With the death of Justice Ruth Bader Ginsburg mere weeks before the 2020 presidential election, a political fight for the future of our judiciary is about to ensue. One of the most consequential decisions that any president can make is an appointment to the United States Supreme Court. It is arguably the most powerful institution in the nation and, by extension, the world. Nine justices, who are chosen by the president and confirmed by the Senate, rule on every important aspect of our political system and shapes our society. 


History has shown that the judiciary often steps in when the other government branches fail to act on a political issue. The Supreme Court, under the leadership of Chief Justice Earl Warren, a period of judicial liberalism that lasted from 1953 to 1969, resulted in some of the most valuable rulings in American history. The end of racial segregation, readjustment of voting rights, expansion of criminal protections, upholding freedom of speech, and the creation of the right to privacy that would pave the way for the constitutionality of abortion in Roe v. Wade. All of this social progress was met with backlash from conservatives. Rather than accept defeat, however, they started a powerful conservative legal movement that now holds our current Supreme Court hostage.


After Ronald Reagan was elected president, he appointed archconservatives to the Court such as Antonin Scalia, who popularized the theory of originalism, which states that judges should only view the Constitution as its signatories intended — this flawed view disproportionately benefits the straight, the white, and the men who held power when the founding documents were created. Republicans continued to win presidential elections in the latter half of the 20th century and made the vast amount of judicial appointments. However, many of these judges were liberal and moderate Republicans, something that does not exist today. From the late 1990s to the early 2000s, the Supreme Court had seven justices appointed by Republican presidents while only two were chosen by a Democrat. Nonetheless, the Court was balanced evenly between conservatives and liberals.


Under the presidency of George W. Bush, this all changed.
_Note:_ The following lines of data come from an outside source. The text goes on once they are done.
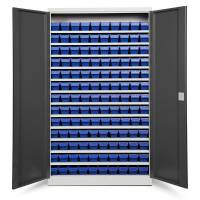 Opbevaringsskab med 130 bl&aring; kasser 1980x1200x570mm, antracit d&oslash;re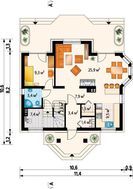 Традиционный проект дома с мансардой площадью до 150 m²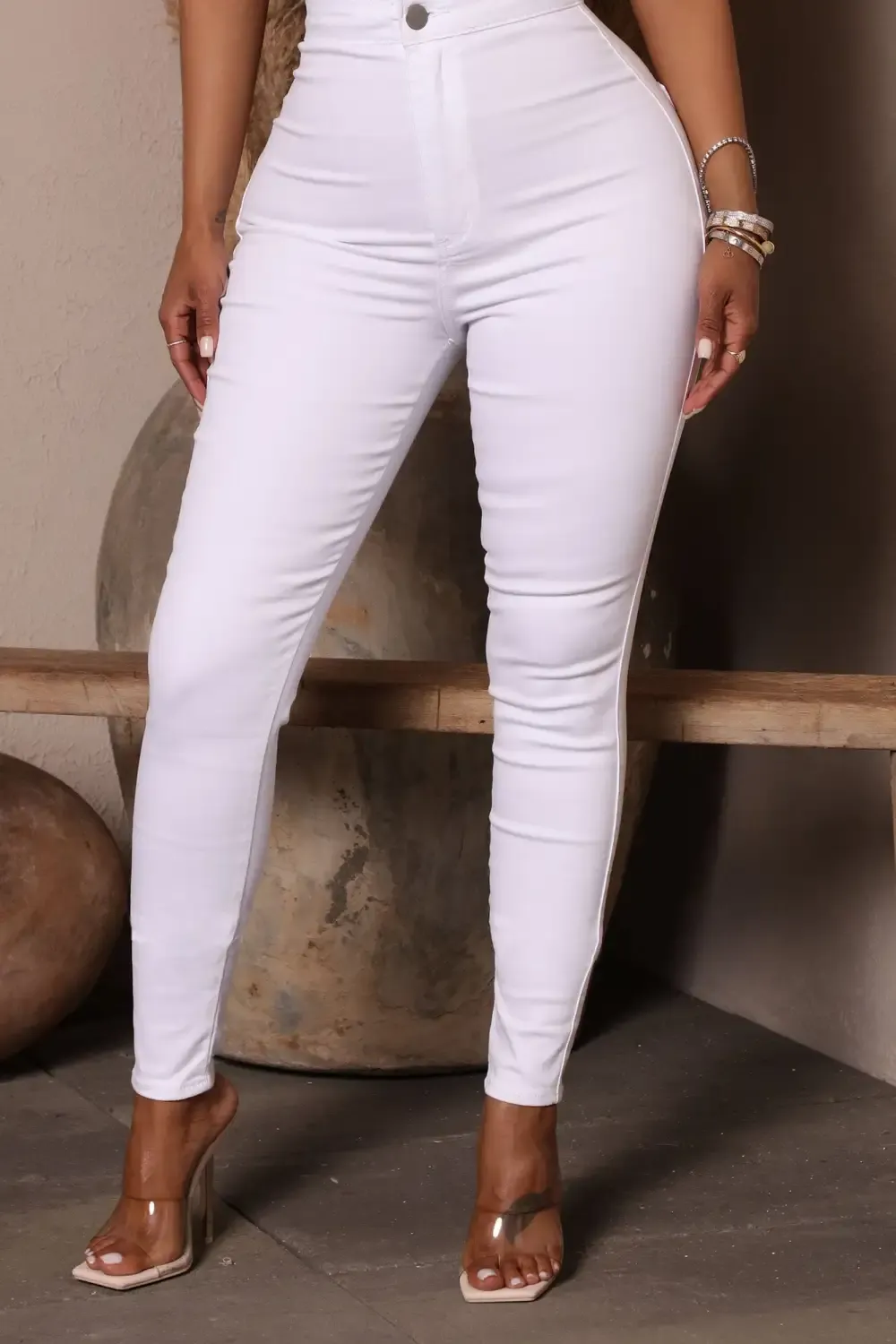 Luxe Ultra High Waist Skinny Jeans - White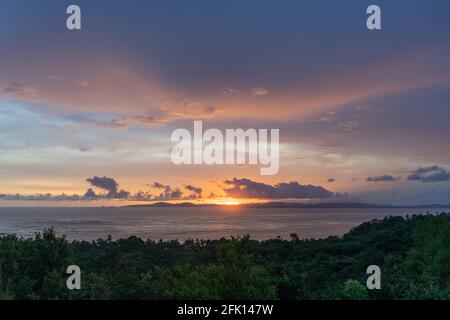 PANAMá, PANAMA - Apr 25, 2021: Beach sunset from hill in panama shore Stock Photo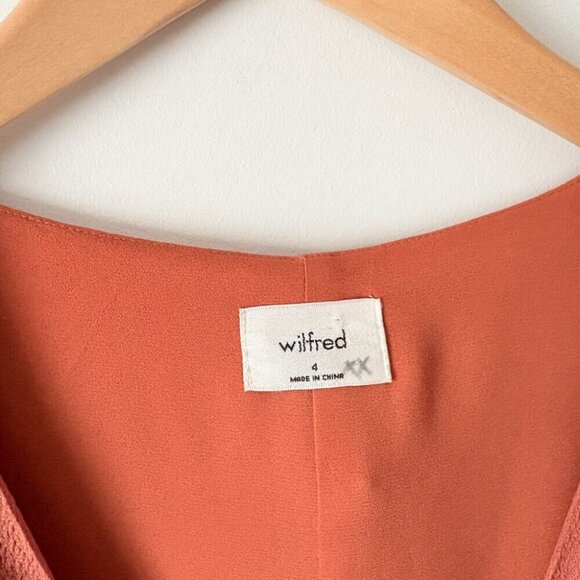 Aritzia Wilfred Nazaire Button Down Flutter Sleeve V-Neck Dress Moroccan Spice 4 - Picture 5 of 7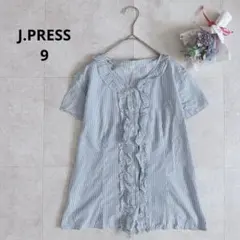J.PRESS ジェイプレス　フリルシャツ　ストライプ　ブラウス　半袖　【9】のサムネイル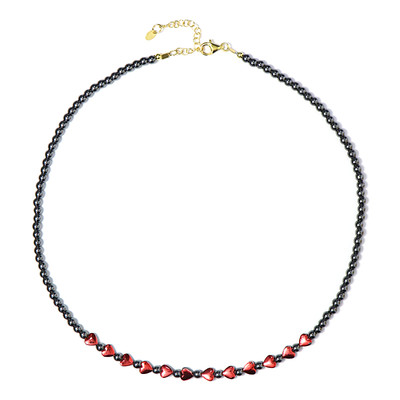 Red Hematite Silver Necklace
Republicans were tired of “squishes,” judges they chose who served as liberals or moderates. The two appointments to the Court made by Bush 43 were staunch right-wingers, John Roberts and Samuel Alito, who still serve on the Supreme Court today. It was not until Barack Obama was elected that Democrats could choose justices committed to social equality. Sonia Sotomayor, the first Latina justice, and Elena Kagan, the second Jewish female justice after Ruth Bader Ginsburg, maintained the Supreme Court’s balance until 2016. 


Antonin Scalia’s death gave President Obama a third opportunity to nominate a forward-thinking justice. However, Republicans chose to subvert American democracy in denying a single hearing in the Senate to confirm Judge Merrick Garland, Obama’s choice for the Court. Senate Majority Leader Mitch McConnell made the unfounded decision, citing that it was an election year. This disgusting act was an affront to our American political process and trampled our Constitution that conservatives claim to revere. After robbing President Obama of his right to a Supreme Court nominee, Republicans teed up the appointment of Donald Trump’s right-wing choice. Niel Gorsuch was confirmed after Senate rules were changed and lowered the threshold of votes for a successful nomination to the Court; Brett Kavanaugh was barely confirmed under the new regulations a year later.


One of this nation’s greatest legal minds, Ruth Bader Ginsburg, died on September 18, 2020. She was a fearless champion of equality for women, minorities, and the LGBTQ+ community. Just hours after her tragic passing, Mitch McConnell announced he would do everything in his power to fill her seat with another right-wing jurist. Republicans do not care that they refused to nominate a justice to the Supreme Court in 2016 — following precedent is abhorrent to conservatives both on the Court and in Congress. These hypocrites want to seize even more power and expand their conservative majority on the Supreme Court from 5 – 4 to 6 – 3. All the progress achieved through decades of Ruth Bader Ginsburg’s activism would be undone. 


We have only one chance to set things right. Joe Biden, the Democratic nominee, has made judicial appointments a top priority and has vowed to replace Ginsburg with the first black female justice in our nation’s history. Many progressives have contemplated whether to support a centrist candidate, but these voters do not see the bigger picture. A vote for Joe Biden is a vote for more liberals on the United States Supreme Court. The infiltration of the judiciary by radical conservatives must come to an end.  President Trump has already chosen 25% of the country’s appellate judges, the second-highest courts in America. And if he has his way, 5 of 9 of our Supreme Court justices will have been appointed by presidents who won the White House without the popular vote. The United States will have an unelected judiciary appointed by unelected presidents. 


For years, liberals have been playing catch-up with judicial appointments and have let our opponents seize power in the most crucial government branch. So long as our courts are dictated by young conservative judges who are accountable to no one but the Republican Party, the rights of every kind of minority group are in danger. Our generation and those who follow will be at the mercy of archconservatives who only care about restoring a nation to those who controlled it at its founding: the straight, the white, and the men. We must elect a president who will choose judges who look and act on behalf of everyday Americans. We, therefore, must elect Joe Biden. If we fail, many of our rights will die with Justice Ginsburg.